Let’s face it: making friends as an adult can be HARD. When you were a child, it was simple, since you spent your days in a classroom with a bunch of little people just like you, who were interested in roughly the same things, and were all equally eager to find someone to play with. But when you get older, it gets tougher: “As people approach midlife, the days of youthful exploration, when life felt like one big blind date, are fading. Schedules compress, priorities change and people often become pickier in what they want in their friends.”
It’s the transitions in life that can truly expose the fact that you really need more pals to lean on, and having a baby is the ultimate transition of your adult life. If you’re the first in your circle of friends to have a baby, you can feel pretty isolated, because your existing friends won’t necessarily understand what you’re going through, or know how to support you.

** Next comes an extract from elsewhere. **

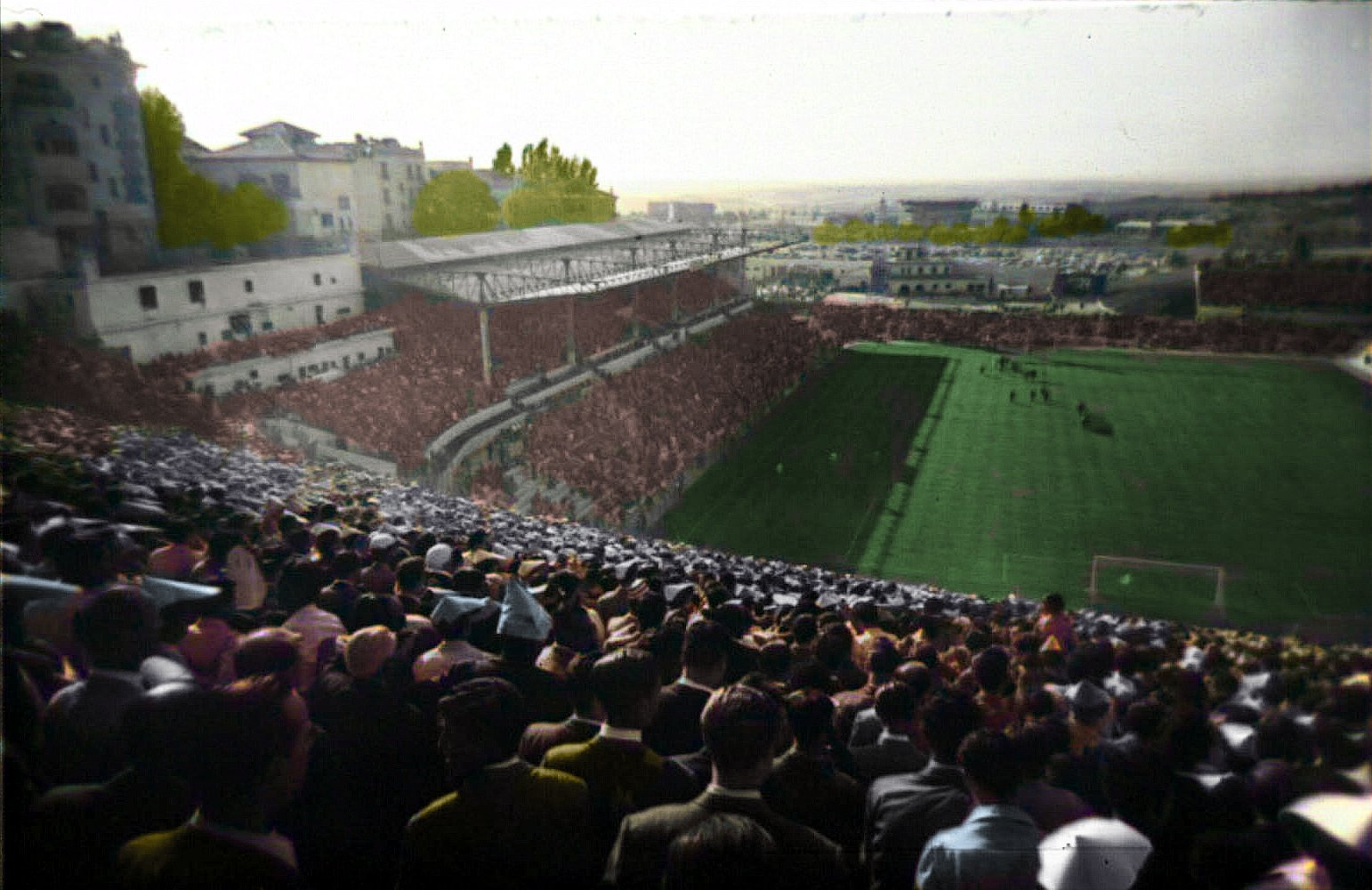 FOTOS HISTORICAS O CHULAS DE FUTBOL - Página 5 E2-zxrIXEAAU4ft?format=jpg&name=large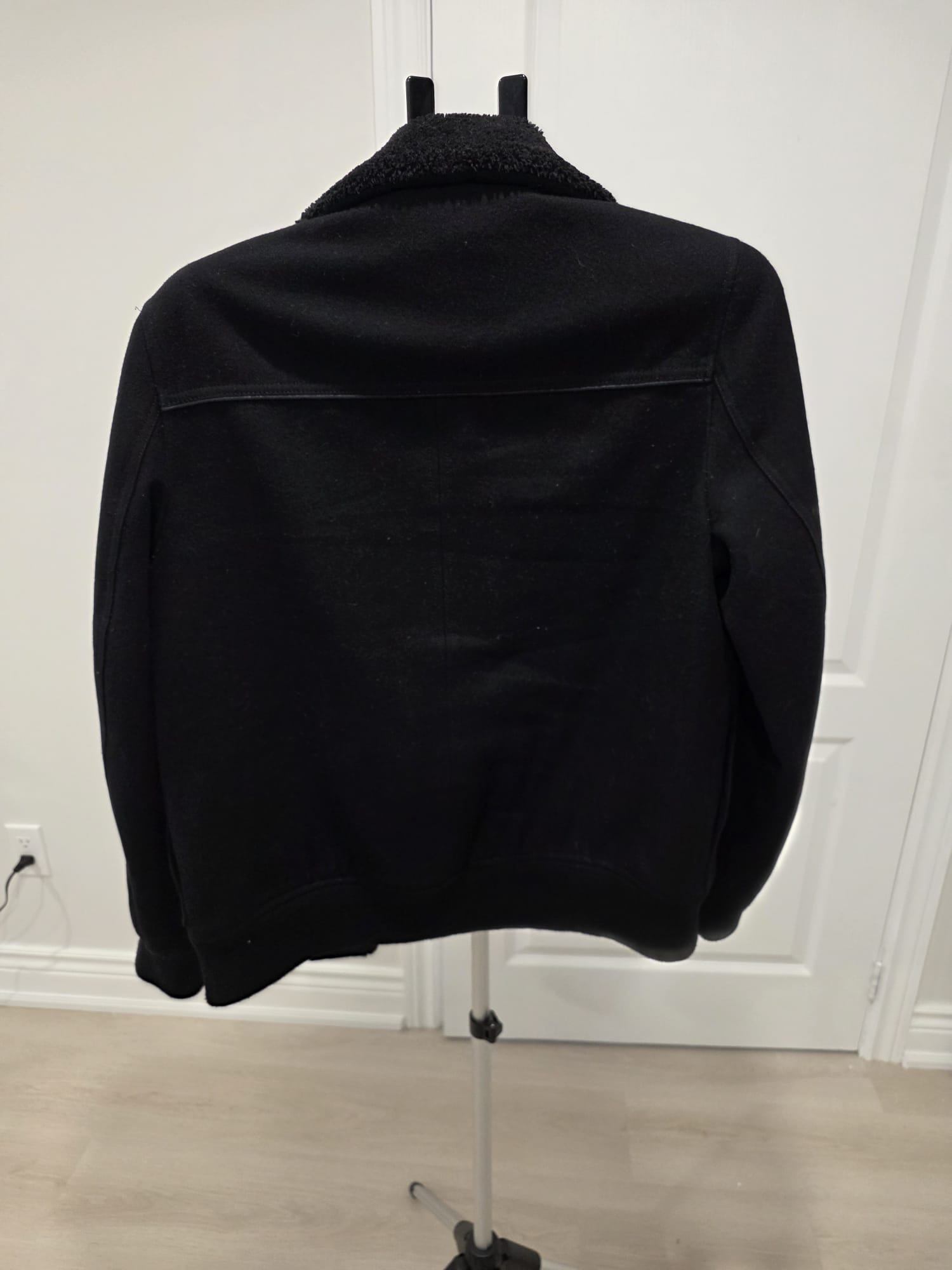 GUESS Wool-Blend Bomber Jacket with Sherpa Collar – Size M - photo 2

This is where that old Girl Scout song, “Make new friends, but keep the old” comes in: while juggling the needs of your new babe and your old social life, it’s important to bring in reinforcements if you can. As Marla Paul, author of The Friendship Crisis, writes:
“It’s so important as a new mom to make friends with other new moms who are going through the same thing you’re experiencing. Having a baby can be extremely isolating because you’re just trying to get your baby fed, and figure out how to breastfeed, and how to give her a bath, and you’re not thinking about your social life. Plus, a lot of women come from this incredibly rich social environment of working to being home alone with a crying baby. It’s like a double-whammy. You’re in the place where you live, but if you’ve been working you haven’t invested a lot of energy into becoming friends with your neighbors — you feel like a stranger in your own neighborhood. When you have a new baby you have a new job, which is making new friends.”

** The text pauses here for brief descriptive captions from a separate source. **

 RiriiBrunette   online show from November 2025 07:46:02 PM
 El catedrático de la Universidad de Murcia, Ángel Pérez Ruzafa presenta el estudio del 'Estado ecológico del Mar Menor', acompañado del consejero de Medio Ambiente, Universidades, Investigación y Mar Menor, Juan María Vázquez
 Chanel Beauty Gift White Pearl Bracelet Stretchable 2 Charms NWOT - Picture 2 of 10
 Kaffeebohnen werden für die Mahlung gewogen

Trying to meet other moms can feel like being back in the world of dating, or being back in high school, so while many lists online will claim that it can be “easy,” it can be a little intimidating. That’s why I think messageboards and mom-friend-matchmaking services like HelloMamas.com and Stay-At-Home Moms Meetups are so key: if you’re an internet-savvy kind of gal (and I am), getting to know people online before you meet them face-to-face can be way less scary. Meetup.com is also loaded with mom groups: I just typed “mom” into the search box on my screen and came up with 15 possibilities within 5 miles of me!

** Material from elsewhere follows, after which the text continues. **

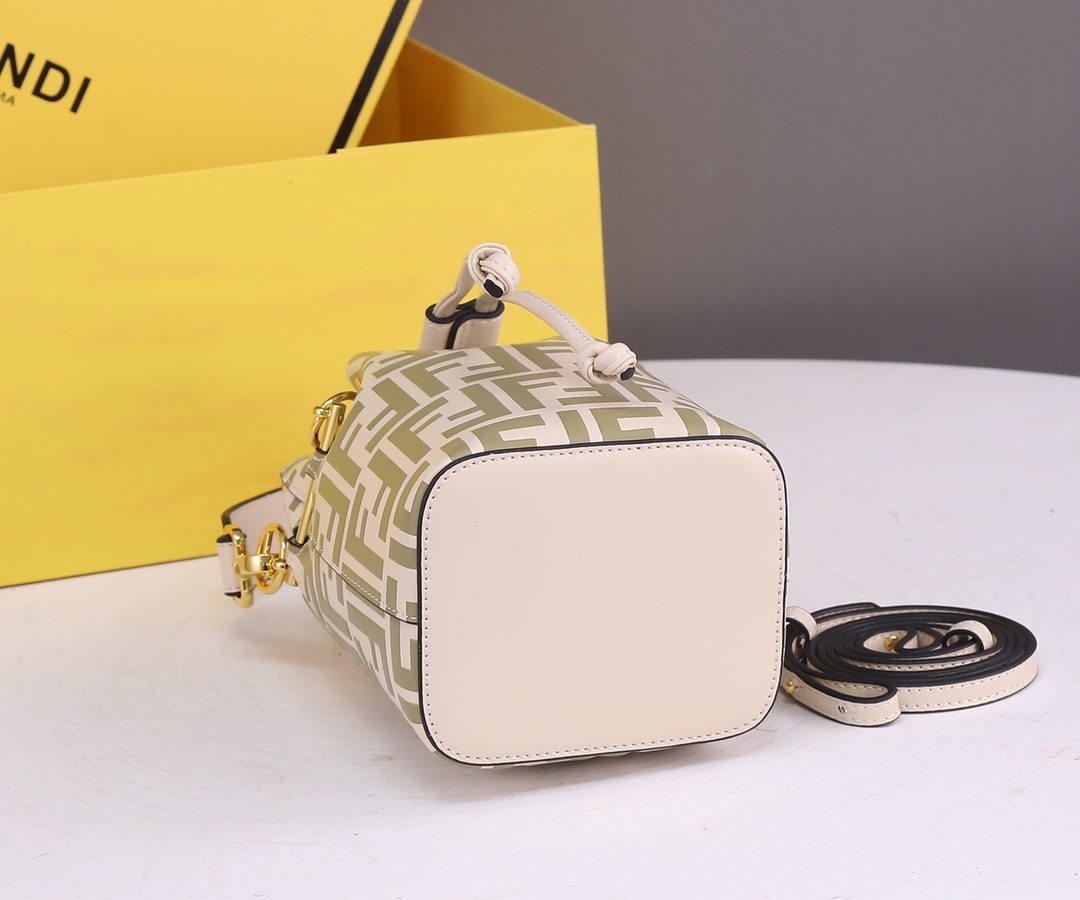 FD SMALL MON TRESOR BUCKET BAG IN CREAM FF 18CM 8BS010A659F13VK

Ultimately, while it can be devastating when what looks like a great mommy-match doesn’t work out, it’s important to remember: it’s not you, it’s them. Think about how busy and unpredictable your days of baby-wrangling are – your first priority is your family, and your social life has to come second, just by default. (Or, really, it comes third, after sleep!) Remember that if a new mom-friend blows you off, it’s because she has the same priorities and problems as you do. So don’t take it as an insult: give her a call!
And keep trying. Because there are thousands upon thousands of other mamas out there like you, and at least one of them is just dying to talk to you.